Blue Tigers in the Mangroves

looking across mangroves to a bay
Mangroves at Cape Hillsborough National Park – looking south, with the boardwalk out of sight to the left

Back to Cape Hillsborough … the National Park is a peninsula and there’s a big area of mangroves on the broad, low-lying neck between the resort and the mainland. The “Diversity Boardwalk” loops through them and returns via higher ground to illustrate how land-forms shape plant communities.

boardwalk through mangrove forest
The beginning of the Diversity Boardwalk

All mangroves are salt-tolerant and don’t mind sand or wet feet but even within the family there is a variety of preferred habitats, and a small difference in height above sea level (even a metre or two) allows bigger mangrove species to thrive, so the boardwalk does earn its name. (Mangrove eco-systems are a huge topic in themselves – you could start with wikipedia if you want to explore them.)

But what about the Blue Tigers? Surely they should be even more famous than the Swamp Tigers of the Sundarbans? Sorry – they are butterflies.

Blue Tigers, Tirumala hamata, are Milkweed butterflies (Danaidae) like the Crows and they have the same habit of getting through the dry (winter) season by congregating in large groups in moist, shady places and doing as little as possible. I have seen groups of Crows on Townsville’s Town Common but was not at all prepared for the enormous flock of Tigers (flock?? cloud? school? flight? flutter? swarm? rabble? kaleidoscope??) I saw near the boardwalk car park.
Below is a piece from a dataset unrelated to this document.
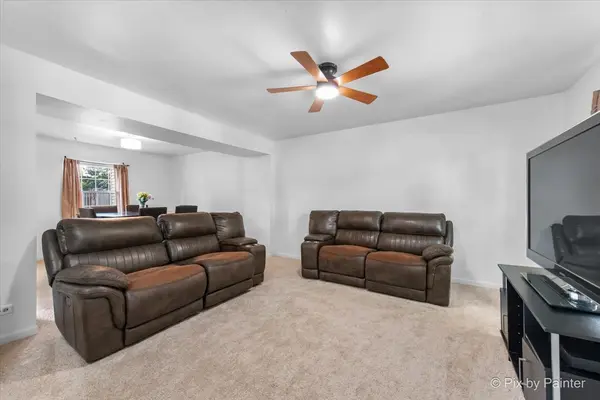 802 Lexington CIR #802, Hanover Park, IL 60133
blue butterflies on red flowers
Blue Tigers feeding on bottlebrush

I amused myself by seeing how many of them I could get into one photo, both in the shade and feeding in full sun on the flowering bottlebrush trees.

blue butterflies on trees
Blue Tigers resting in the shade

The beginning of October, when I saw them, was probably near the end of their resting season. There’s no sense in wasting energy making babies if they are going to starve as soon as they hatch, but as soon as the caterpillars’ food plants start growing again, normal life (i.e. breeding) resumes.

The Tigers weren’t the only butterflies enjoying the bottlebrush near the boardwalk that day; I also saw Wanderers, aka Monarchs (Danaus plexippus) and a Ulysses (Papilio ulysses) there. In the shade of the mangrove trail proper I saw Australian Rustics, Bush-browns and some unidentified Skippers. And I saw another, smaller, aggregation of Tigers on the Beachcomber Cove track, a little way up the hill from its resort end.

A friend in Townsville had this to say about Blue Tigers closer to home:

Blue Tigers … used to overwinter in quite large numbers along the track from Horseshoe Bay to Balding Bay [on Magnetic Island], quite possibly still do though they weren’t there when I walked the track on Saturday [early October], I think too late in the season for them.
Interesting that you saw them in Cape Hillsborough though – a bit cooler there perhaps?
… They are a favourite of mine. I’ve seen them overwintering in lowland vine forest in the Mission Beach/Kennedy Bay and Airlie Beach areas too, as well as the banks of Alligator Creek downstream from the swimming and picnic area – often they are with Crows, but the ones I remember seeing on Magnetic were exclusively, or almost exclusively, tigers.